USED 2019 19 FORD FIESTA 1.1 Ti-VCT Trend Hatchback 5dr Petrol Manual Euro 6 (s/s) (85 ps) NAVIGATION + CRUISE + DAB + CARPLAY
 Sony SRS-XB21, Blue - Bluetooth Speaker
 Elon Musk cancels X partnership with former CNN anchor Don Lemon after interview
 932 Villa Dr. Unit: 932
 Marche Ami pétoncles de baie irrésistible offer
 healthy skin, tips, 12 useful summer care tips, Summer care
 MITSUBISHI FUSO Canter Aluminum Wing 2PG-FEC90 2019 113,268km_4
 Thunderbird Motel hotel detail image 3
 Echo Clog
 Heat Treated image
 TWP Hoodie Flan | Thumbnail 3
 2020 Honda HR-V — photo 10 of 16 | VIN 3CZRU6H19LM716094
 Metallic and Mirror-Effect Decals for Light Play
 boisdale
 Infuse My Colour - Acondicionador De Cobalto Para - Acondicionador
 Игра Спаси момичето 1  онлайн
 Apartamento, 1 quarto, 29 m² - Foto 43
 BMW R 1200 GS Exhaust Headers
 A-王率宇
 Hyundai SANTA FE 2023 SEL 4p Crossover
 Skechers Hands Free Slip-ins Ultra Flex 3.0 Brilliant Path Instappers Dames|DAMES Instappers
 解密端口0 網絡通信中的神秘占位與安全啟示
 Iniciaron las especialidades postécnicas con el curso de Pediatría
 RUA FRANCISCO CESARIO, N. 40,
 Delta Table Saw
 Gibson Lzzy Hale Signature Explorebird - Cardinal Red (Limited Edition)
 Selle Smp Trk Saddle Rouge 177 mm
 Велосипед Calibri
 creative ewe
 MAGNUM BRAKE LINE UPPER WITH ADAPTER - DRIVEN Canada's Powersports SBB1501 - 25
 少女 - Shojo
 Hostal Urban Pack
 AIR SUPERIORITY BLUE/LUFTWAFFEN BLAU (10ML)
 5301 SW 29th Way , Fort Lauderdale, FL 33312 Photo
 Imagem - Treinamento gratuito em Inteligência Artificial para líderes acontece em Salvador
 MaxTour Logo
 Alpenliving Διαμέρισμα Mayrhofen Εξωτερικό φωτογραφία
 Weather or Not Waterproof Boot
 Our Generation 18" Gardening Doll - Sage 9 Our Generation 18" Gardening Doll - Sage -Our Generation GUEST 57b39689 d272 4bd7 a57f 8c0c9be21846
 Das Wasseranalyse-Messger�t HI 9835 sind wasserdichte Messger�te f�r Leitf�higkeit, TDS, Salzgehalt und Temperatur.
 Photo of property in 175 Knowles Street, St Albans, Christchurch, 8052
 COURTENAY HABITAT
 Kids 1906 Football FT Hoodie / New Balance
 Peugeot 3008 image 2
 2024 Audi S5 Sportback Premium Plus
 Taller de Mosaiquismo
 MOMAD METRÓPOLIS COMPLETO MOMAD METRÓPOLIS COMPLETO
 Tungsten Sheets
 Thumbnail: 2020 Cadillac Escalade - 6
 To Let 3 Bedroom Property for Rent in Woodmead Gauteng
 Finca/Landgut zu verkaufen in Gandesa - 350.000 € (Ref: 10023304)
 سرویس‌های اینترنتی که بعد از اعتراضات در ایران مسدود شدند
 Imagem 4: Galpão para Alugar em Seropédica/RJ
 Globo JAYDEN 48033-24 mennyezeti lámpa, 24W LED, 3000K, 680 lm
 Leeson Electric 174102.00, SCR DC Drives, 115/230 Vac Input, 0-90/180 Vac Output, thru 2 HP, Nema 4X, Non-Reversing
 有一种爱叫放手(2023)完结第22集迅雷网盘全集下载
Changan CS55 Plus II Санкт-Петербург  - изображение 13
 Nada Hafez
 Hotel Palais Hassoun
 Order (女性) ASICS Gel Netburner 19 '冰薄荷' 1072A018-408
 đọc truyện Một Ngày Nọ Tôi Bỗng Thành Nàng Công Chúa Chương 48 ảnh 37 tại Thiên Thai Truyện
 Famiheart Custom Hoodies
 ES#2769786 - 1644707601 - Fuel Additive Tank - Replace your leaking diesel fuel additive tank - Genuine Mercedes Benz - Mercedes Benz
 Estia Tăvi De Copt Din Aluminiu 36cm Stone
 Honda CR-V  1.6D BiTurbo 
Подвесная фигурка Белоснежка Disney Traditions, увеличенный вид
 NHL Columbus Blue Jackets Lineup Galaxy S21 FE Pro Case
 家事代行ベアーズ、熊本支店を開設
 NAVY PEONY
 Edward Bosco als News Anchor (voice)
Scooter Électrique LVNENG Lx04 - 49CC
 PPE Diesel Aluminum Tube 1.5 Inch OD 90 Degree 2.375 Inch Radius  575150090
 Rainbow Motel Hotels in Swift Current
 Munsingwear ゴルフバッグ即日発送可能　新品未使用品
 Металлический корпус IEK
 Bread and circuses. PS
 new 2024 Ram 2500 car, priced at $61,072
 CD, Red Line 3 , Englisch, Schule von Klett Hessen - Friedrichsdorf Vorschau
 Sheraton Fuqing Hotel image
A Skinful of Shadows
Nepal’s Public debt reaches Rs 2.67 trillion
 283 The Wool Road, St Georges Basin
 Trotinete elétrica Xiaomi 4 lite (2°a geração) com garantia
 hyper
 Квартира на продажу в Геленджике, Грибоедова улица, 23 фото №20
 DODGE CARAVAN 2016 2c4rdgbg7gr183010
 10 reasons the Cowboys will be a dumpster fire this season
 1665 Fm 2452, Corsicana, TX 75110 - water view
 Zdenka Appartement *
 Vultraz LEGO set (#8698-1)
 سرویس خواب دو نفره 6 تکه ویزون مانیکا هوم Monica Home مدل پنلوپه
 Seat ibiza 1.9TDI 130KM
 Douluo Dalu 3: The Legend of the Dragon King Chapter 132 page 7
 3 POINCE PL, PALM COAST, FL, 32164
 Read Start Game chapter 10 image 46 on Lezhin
*****
→ **ACTIVITY**
For each line above that holds the string "Motel", provide a copy of that line.

→ **EXERCISE ANSWER**
 Thunderbird Motel hotel detail image 3
 Rainbow Motel Hotels in Swift Current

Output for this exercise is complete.